COMPUTATION CIRCUIT CAPABLE OF REDUCING QUANTIZATION ERROR

Information

  • Patent Application
  • 20240152324
  • Publication Number
    20240152324
  • Date Filed
    April 07, 2023
    a year ago
  • Date Published
    May 09, 2024
    22 days ago
Abstract
A computation circuit includes a plurality of first operation circuits; a plurality of quantization circuits configured to quantize outputs of the plurality of first operation circuits, respectively; a plurality of second operation circuits configured to perform operations on outputs of the plurality of quantization circuits, respectively; and an adder circuit configured to perform element wise addition operation on outputs of the plurality of second operation circuits.
Description
CROSS-REFERENCE TO RELATED APPLICATION

The present application claims priority under 35 U.S.C. § 119(a) to Korean Patent Application No. 10-2022-0147424, filed on Nov. 7, 2022, which is incorporated herein by reference in its entirety.


BACKGROUND
1. Technical Field

Various embodiments generally relate to a computation circuit capable of reducing quantization error.


2. Related Art


FIG. 1 is a block diagram showing a conventional computation circuit 10.


A conventional computation circuit includes a plurality of first convolution circuits 1-1, 1-2, and 1-3, a concatenation circuit 2, a quantization circuit 3 and a conventional second convolution circuit 4.


Each of the plurality of first convolution circuits 1-1, 1-2, and 1-3 performs a convolution operation.


The plurality of first convolution circuits 1-1, 1-2, and 1-3 may be located in different layers of a neural network including a plurality of layers.


The concatenation circuit 2 concatenates a plurality of calculation results output from a plurality of first convolution circuits 1-1, 1-2, and 1-3.


The quantization circuit 3 performs a quantization operation on the output of the concatenation circuit 2, and the conventional second convolution circuit 4 performs a convolution operation on the operation result output from the quantization circuit 3.


Outputs of the plurality of first convolution circuits 1-1, 1-2, and 1-3 correspond to calculation results performed through different paths.

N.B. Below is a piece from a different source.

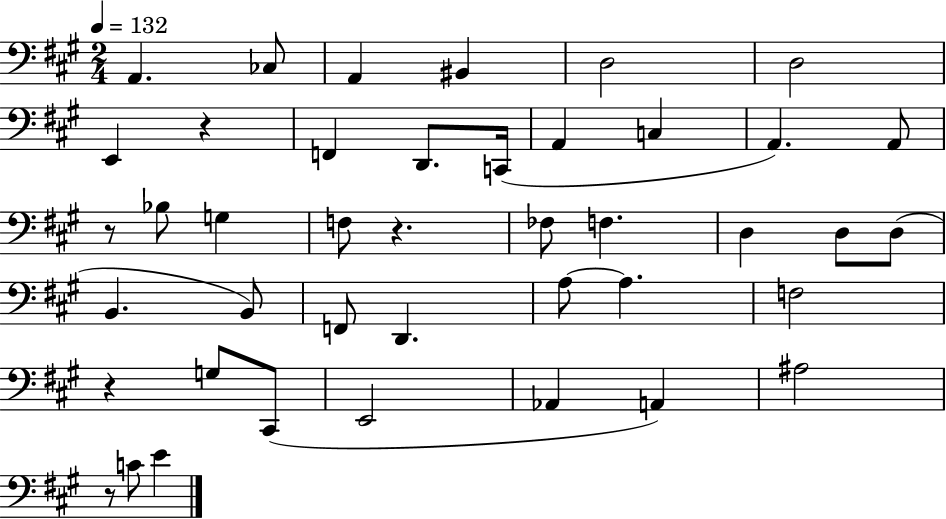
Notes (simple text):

A2/q. CES3/e A2/q BIS2/q D3/h D3/h E2/q R/q F2/q D2/e. C2/s A2/q C3/q A2/q. A2/e R/e Bb3/e G3/q F3/e R/q. FES3/e F3/q. D3/q D3/e D3/e B2/q. B2/e F2/e D2/q. A3/e A3/q. F3/h R/q G3/e C#2/e E2/h Ab2/q A2/q A#3/h R/e C4/e E4/q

Due to the difference in these calculation paths, the calculation results may have different distributions and accordingly the output of the concatenation circuit 2 has a wide distribution.

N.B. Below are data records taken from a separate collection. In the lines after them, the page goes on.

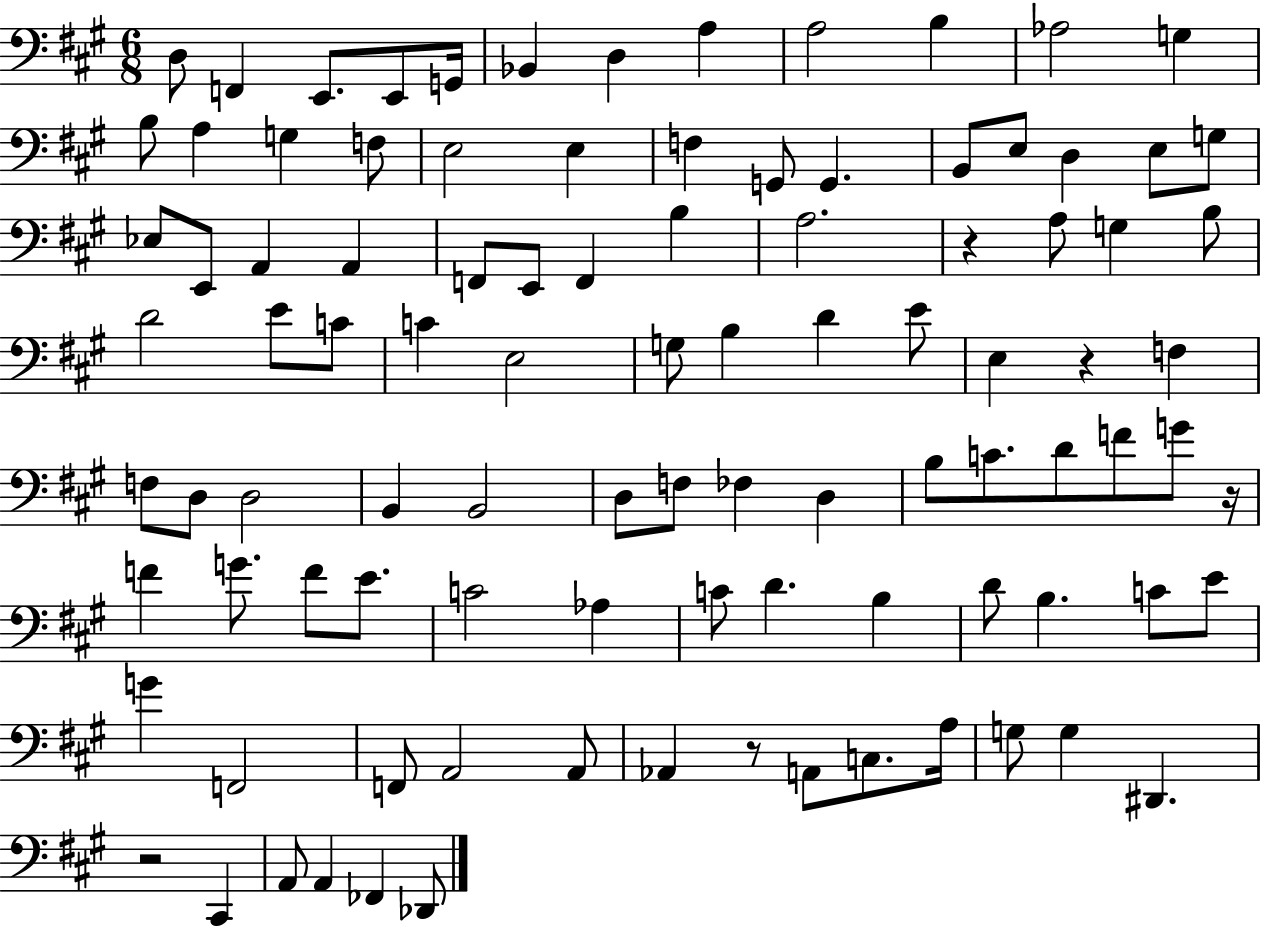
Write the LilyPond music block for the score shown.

{
  \clef bass
  \numericTimeSignature
  \time 6/8
  \key a \major
  d8 f,4 e,8. e,8 g,16 | bes,4 d4 a4 | a2 b4 | aes2 g4 | \break b8 a4 g4 f8 | e2 e4 | f4 g,8 g,4. | b,8 e8 d4 e8 g8 | \break ees8 e,8 a,4 a,4 | f,8 e,8 f,4 b4 | a2. | r4 a8 g4 b8 | \break d'2 e'8 c'8 | c'4 e2 | g8 b4 d'4 e'8 | e4 r4 f4 | \break f8 d8 d2 | b,4 b,2 | d8 f8 fes4 d4 | b8 c'8. d'8 f'8 g'8 r16 | \break f'4 g'8. f'8 e'8. | c'2 aes4 | c'8 d'4. b4 | d'8 b4. c'8 e'8 | \break g'4 f,2 | f,8 a,2 a,8 | aes,4 r8 a,8 c8. a16 | g8 g4 dis,4. | \break r2 cis,4 | a,8 a,4 fes,4 des,8 | \bar "|."
}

The quantization circuit 3 performs the quantization operation on the output of the concatenation circuit 2 having a wide distribution without considering the difference in calculation paths, and accordingly, quantization error increases greatly in the conventional computation circuit 10.


SUMMARY

In accordance with an embodiment of the present disclosure, a computation circuit may include a plurality of first operation circuits; a plurality of quantization circuits configured to quantize outputs of the plurality of first operation circuits, respectively; a plurality of second operation circuits configured to perform operations on outputs of the plurality of quantization circuits, respectively; and an adder circuit configured to perform element wise addition operation on outputs of the plurality of second operation circuits.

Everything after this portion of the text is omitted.